The others looked at her as if she had suddenly gone mad.
Yet, after a long discussion, that night seventy women (and a few men), began a peregrinacion — a pilgrimage or procession — from one gang turf to the next throughout the barrio. When they encountered startled gang-members who were preparing for battle, the mothers invited them to pray with them. They offered them chips, salsa and soda. A guitar was produced — they were asked to join in singing the ancient songs that had come with them from Michoacan and Jalisco and Chiapas. Throughout the night, in thirteen war zones, the conflict was bafflingly, disorientingly interrupted. People were baffled; the gang members were disoriented.
Each night, the mothers walked and within a week there was a dramatic drop in gang-related violence. The members of the newly formed Comite Pro Paz En El Barrio had responded to the emergency of the violence being waged in their locality by “breaking the rules of war.” By nonviolently intervening and intruding, they had challenged the old script of escalating violence and retaliation and created, for a time, a new and more creative script.

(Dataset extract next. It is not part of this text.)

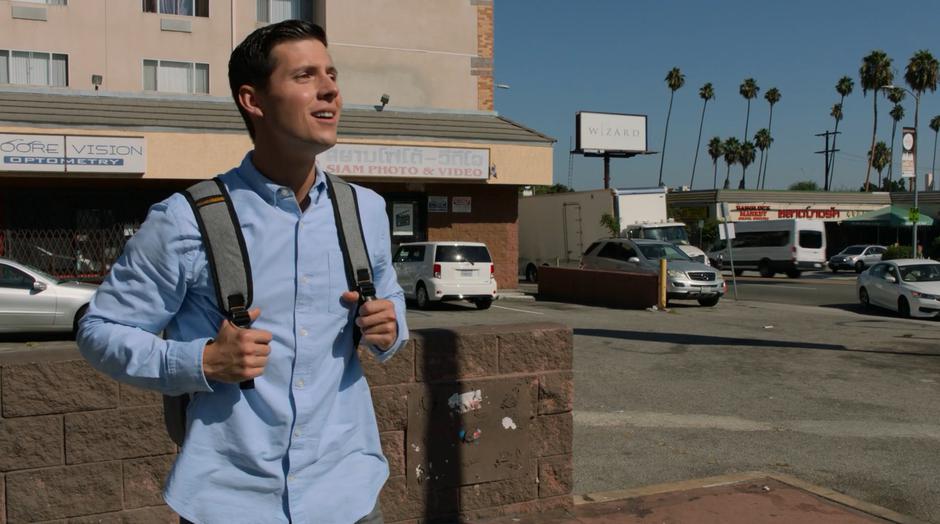 Vaughn watches as the car approaches to pick him up.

Theirs had been more than a physical journey through their neighborhood. Most significantly, it had been the fundamental spiritual journey from the war zone to the house of love.

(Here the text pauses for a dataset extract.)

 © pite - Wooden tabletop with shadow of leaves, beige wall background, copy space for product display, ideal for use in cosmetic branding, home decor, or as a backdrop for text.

By entering this zone of danger, they had created a momentary space for peace. In that space, all the parties were able to glimpse their humanness. The gang-members were able to see, many for the first time, other human beings caring about them. At the same time, the women were able to let go of their paralyzing fear and anger long enough to see the human face of members of the gangs. It is no accident that the women christened their night-time journeys “Love Walks.”
But this project did more than briefly interrupt the escalating cycles of violence.

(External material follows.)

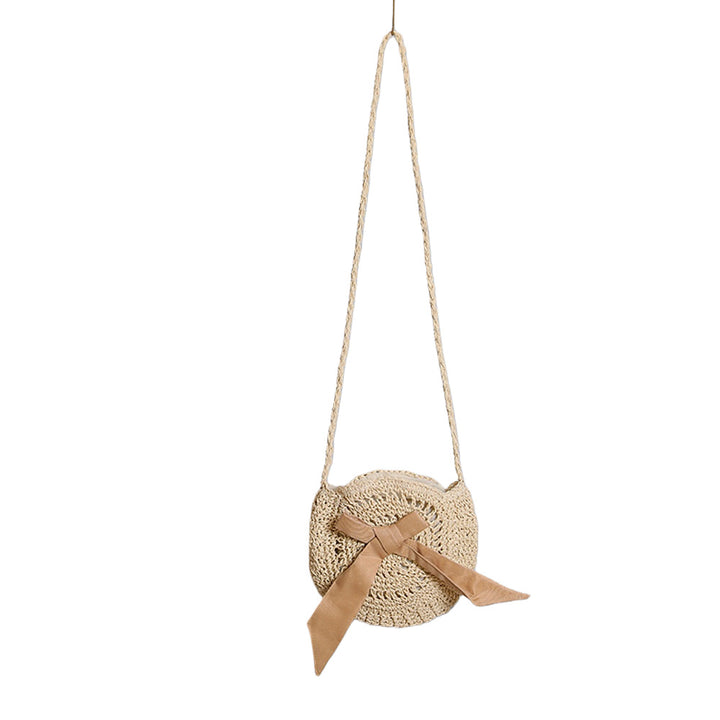 Handwoven shoulder bag with decorative bow accent Stornfield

By provoking a confrontation with their humanness, they unleashed a process of communication and transformation. Their activity changed the gang-members and themselves. The women listened to the deep anguish of the gang-members about the lack of jobs and about police brutality. This led them, in turn, to develop a tortilla factory, bakery, and child-care center, creating some jobs and giving the gang-members an opportunity to acquire job skills. It was also a space where conflict resolution techniques were learned, because people from different gangs worked together in these projects. The women then opened a school. And they shifted from a “Neighborhood Watch” mode — where they were the eyes and ears of the police — to a group trained to monitor and report abusive police behavior, a development that has redefined the relationship between the Los Angeles Police Department and the barrio.